Event risks man a “flight to quality” in the bond market. An example would be the horrible situation that took place on September 11, 2001, in New York.

The September 11 attack caused a global economic slowdown, which, of course, was another negative for the stock market.

When new home sales or existing home sales are coming in strong, we can go short bonds.

Americans investing in a home instead of stocks can put a cap on stock prices.

An economic slowdown can mean a sideways-moving market in stocks and a bull market in bonds.

It’s hard to make money when buying stocks if the market is going sideways.

Yes, compared to the bond market, stocks can be more risky.

One last point to deep in mind: A stock investor may only invest in “blue chip” companies such as Enron, which was the seventh-largest company in the United States and had 600 accountants looking after the books. I find it interesting that every major mutual fund company had this “darling of Wall Street” in its portfolio. Yet most stock investors know by now that this $80-billion company came tumbling down.

People on Wall Street also say that you should diversify. I teach that having an “edge” over most people is to know one market, and yet, as a bond trader, I can still diversify by going either long or short bonds. Cash is King!

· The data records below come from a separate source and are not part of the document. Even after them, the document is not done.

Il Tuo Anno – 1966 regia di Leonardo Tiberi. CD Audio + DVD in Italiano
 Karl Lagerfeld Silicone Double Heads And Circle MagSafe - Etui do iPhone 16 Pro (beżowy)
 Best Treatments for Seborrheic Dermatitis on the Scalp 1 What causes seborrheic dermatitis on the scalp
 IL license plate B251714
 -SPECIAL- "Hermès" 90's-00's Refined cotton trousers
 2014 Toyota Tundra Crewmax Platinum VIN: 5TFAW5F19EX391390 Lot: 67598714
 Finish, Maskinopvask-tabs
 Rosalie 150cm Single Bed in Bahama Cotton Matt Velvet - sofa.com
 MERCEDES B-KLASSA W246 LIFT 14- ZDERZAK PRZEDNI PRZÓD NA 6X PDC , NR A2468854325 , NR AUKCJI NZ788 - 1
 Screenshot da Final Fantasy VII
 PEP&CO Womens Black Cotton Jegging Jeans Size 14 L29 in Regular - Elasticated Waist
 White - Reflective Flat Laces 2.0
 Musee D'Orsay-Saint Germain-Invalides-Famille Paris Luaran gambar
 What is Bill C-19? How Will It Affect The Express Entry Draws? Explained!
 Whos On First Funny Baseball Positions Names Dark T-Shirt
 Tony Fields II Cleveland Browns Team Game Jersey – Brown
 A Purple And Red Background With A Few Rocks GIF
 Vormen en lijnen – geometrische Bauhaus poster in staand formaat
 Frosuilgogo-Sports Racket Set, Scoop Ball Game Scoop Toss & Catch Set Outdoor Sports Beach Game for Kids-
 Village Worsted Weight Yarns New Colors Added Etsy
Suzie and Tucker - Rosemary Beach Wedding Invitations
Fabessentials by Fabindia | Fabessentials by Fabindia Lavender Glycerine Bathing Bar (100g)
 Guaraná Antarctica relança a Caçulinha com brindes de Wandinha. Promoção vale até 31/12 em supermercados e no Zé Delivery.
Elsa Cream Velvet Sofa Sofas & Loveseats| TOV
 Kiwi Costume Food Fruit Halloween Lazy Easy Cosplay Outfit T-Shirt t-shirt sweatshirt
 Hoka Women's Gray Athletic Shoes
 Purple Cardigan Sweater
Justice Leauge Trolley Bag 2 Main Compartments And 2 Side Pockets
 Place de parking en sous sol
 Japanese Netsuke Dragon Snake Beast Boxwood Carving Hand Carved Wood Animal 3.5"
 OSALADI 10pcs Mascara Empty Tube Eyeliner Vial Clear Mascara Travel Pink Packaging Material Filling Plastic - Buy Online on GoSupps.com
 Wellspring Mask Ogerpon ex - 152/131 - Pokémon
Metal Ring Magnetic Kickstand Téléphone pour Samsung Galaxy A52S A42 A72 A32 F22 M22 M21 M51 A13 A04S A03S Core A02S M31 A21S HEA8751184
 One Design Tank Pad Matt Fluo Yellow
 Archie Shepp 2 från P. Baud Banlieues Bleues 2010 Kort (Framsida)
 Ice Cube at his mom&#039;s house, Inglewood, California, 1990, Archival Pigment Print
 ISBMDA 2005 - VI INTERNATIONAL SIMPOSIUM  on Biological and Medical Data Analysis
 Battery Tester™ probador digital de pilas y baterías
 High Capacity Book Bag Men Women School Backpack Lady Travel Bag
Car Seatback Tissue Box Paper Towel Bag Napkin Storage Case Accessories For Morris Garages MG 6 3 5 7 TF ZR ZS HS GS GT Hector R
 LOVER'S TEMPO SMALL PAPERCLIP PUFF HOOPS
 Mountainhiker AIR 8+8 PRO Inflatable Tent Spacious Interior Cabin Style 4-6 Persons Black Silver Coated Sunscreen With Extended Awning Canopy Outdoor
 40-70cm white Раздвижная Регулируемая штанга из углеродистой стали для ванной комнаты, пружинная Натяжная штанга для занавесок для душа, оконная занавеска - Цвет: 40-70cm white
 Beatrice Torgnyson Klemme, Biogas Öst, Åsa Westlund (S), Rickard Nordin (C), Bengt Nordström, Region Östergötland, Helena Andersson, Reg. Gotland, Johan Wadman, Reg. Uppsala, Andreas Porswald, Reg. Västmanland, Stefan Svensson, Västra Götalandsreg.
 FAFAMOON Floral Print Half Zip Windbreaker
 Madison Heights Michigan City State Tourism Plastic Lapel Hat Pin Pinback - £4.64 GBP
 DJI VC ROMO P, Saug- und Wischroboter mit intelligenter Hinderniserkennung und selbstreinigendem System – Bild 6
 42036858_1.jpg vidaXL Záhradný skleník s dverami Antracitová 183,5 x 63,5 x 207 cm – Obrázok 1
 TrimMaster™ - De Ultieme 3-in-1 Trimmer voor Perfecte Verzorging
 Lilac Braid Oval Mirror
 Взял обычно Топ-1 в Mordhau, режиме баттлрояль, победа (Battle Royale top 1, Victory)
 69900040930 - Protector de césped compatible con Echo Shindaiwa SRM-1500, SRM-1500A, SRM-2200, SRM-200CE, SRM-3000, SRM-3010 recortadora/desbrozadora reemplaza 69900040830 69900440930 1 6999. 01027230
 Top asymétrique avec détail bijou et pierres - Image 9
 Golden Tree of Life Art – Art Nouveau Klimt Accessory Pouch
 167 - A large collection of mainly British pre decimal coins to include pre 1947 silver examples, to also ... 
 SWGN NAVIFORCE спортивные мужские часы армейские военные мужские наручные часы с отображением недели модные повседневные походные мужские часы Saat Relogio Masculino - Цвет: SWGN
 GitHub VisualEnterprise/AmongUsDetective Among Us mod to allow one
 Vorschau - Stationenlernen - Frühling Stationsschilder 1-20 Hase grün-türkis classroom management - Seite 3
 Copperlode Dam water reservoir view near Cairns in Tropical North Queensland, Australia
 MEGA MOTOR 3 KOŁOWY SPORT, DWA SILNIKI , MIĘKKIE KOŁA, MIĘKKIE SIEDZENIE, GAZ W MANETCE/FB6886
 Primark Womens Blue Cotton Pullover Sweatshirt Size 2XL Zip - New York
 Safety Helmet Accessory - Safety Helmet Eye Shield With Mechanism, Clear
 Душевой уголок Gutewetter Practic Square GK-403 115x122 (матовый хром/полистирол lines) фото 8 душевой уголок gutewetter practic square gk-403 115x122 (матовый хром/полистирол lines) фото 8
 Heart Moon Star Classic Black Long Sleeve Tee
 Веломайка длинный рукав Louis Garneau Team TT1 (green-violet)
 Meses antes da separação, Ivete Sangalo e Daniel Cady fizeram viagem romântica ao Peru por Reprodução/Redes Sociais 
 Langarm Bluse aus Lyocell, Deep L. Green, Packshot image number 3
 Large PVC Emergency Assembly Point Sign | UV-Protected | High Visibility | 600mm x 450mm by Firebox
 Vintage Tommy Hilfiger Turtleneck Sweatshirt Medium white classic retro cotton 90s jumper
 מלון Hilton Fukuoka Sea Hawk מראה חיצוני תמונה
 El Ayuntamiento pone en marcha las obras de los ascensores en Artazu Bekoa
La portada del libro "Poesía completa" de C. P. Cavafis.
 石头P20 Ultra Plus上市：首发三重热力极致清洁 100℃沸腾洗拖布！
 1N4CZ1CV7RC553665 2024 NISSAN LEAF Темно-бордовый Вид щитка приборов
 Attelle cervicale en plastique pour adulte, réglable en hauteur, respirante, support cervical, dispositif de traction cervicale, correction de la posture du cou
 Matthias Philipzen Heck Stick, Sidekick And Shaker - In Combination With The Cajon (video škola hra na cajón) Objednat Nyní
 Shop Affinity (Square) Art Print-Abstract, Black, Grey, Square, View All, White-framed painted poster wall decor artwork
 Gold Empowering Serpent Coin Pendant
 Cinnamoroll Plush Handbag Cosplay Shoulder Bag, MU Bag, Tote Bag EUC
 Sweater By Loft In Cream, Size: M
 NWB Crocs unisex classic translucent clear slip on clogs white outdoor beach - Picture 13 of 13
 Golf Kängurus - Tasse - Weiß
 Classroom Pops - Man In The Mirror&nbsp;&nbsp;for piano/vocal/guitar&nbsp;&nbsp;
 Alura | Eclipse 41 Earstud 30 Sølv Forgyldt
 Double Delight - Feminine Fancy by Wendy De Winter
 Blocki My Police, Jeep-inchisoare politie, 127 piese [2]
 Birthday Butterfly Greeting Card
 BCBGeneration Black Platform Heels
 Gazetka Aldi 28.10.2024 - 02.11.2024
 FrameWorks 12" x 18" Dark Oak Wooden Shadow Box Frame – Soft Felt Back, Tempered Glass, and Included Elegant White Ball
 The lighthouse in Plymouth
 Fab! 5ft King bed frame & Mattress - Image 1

Treasury Bond Options Versus Stock Options

Even though we only trade the bond market, which can be traded either with futures contracts or with Treasury bond options, it’s a good idea to become familiar with both types of options.

For instance:
•    Bond and stock options consist of a seller and a buyer.
•    The terms are the same, such as premium, time value, out-of-the-money, at-the-money, in-the-money, intrinsic value and exercise price.
•    Both bond and stock options are “American-style” options, which means that the buyer can choose to exercise his right to the underlying futures contract or stock before option expiration.
•    Dividends are also paid on various stocks, which can distort a stock option’s premium. This can’t happen with Treasury bonds.
•    Volatility skewing is more prevalent with stock options than with bond options.
•    Stock options are currently traded on five US exchanges:

1.    American Stock Exchange (New York)
2.    Chicago Board Options Exchange
3.    New York Stock Exchange
4.    Pacific Stock Exchange (San Francisco)
5.    Philadelphia Stock Exchange

•    Stock options began trading in April 1973. The Chicago Board Options Exchange was the first to offer listed stock options.
•    Bond options are traded at the Chicago Board of Trade.
•    Bond options began trading October 1982.
•    Margin requirements when writing options are higher for stocks than bonds.
•    Which gives you more leverage? Bond Options!

Paul Judd
Please visit to learn more about me!

24 thoughts on “Cash is King

  1. It is not and "either/or" portfolios include both!! 25 % in stocks that I handpick myself, 25% in bonds of which half are in tax-free muni's, 10% is in precious metals and diamonds with the rest in various cash instruments!!! I truly believe the new reality lies in taking profits (or losses for that matter) quickly and have ready replacements to constantly replace the beggars and cash to improve stakes in the winners!!

  2. I believe the U.S. will have rising interest rates. What trading-instruments can be utilized by people that aren't able to daytrade Futures or Options. ? Mutual Funds/ ETF's/ etc... * I'm looking for a pure-play on ($IRX ). Thank's.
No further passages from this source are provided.